The past several months I’ve been ramping-up for a huge experiment where I’ll be reconstructing several hundred websites. I’ve been learning to use Heritrix and process ARC files, and I’ve been periodically tweaking Warrick. Today I found out that Yahoo has changed the way it caches HTML pages that contain frames.

For example, the page at http://www.harding.edu/comp/ contains the following HTML:

<FRAMESET COLS="195,*" FRAMEBORDER=no FRAMESPACING=0>
<FRAME SRC=menu.html NAME="MENU" MARGINWIDTH=0 MARGINHEIGHT=0>
<FRAME SRC=welcome.html NAME="MAIN">
</FRAMESET>

In Yahoo’s cached page for this URL, the FRAME tags are converted to the following (I’ve added some white space for readability):

<frameset rows="200,*"><frame scrolling="no" noresize="" frameborder="0" marginwidth="0" marginheight="0" src="http://216.109.125.130/search/cache?.intl=us&u=www.harding.edu%2fcomp%2f&
w=%22harding+.edu%22&d=XS7fRmP9NNYx&origargs=p%3durl%253Ahttp%253A%252F%252F
www.harding.edu%252Fcomp%252F%26toggle%3d1%26ei%3dUTF-8%26_intl%3dus&frameid=-1">


<FRAMESET COLS="195,*" FRAMEBORDER=no FRAMESPACING=0>

<frame security="restricted" MARGINHEIGHT="0" MARGINWIDTH="0" NAME="MENU" SRC="http://216.109.125.130/search/cache?.intl=us&u=www.harding.edu%2fcomp%2f&
w=%22harding+.edu%22&d=XS7fRmP9NNYx&origargs=p%3durl%253Ahttp%253A%252F%252F
www.harding.edu%252Fcomp%252F%26toggle%3d1%26ei%3dUTF-8%26_intl%3dus&frameid=1" >


<frame security="restricted" NAME="MAIN" SRC="http://216.109.125.130/search/cache?.intl=us&u=www.harding.edu%2fcomp%2f&
w=%22harding+.edu%22&d=XS7fRmP9NNYx&origargs=p%3durl%253Ahttp%253A%252F%252F
www.harding.edu%252Fcomp%252F%26toggle%3d1%26ei%3dUTF-8%26_intl%3dus&frameid=2" >


</frameset></FRAMESET>

Yahoo is placing their own FRAMESET tags around mine and loading the two column frames with pages directly from their cache.

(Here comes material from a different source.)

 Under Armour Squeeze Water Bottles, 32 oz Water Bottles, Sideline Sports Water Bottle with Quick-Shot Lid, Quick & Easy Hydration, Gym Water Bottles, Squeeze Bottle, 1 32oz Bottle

Notice the use of security="restricted" within the FRAME tag which tells the browser to place security constraints on the frame sources; this disables any JavaScript in my pages.

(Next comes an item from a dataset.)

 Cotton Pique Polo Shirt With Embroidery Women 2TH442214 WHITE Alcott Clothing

While this conversion of FRAME tags makes the page easier to view from their cache, it completely destroys the original HTML. There’s no way I can even parse through the arguments to tell what URL used to be in the SRC attribute. ARG! Now I’m going to have to add a rule to Warrick that tells it to ignore Yahoo cached pages that contain FRAME tags. Google and MSN have yet to implement this “trick”, and hopefully they never do.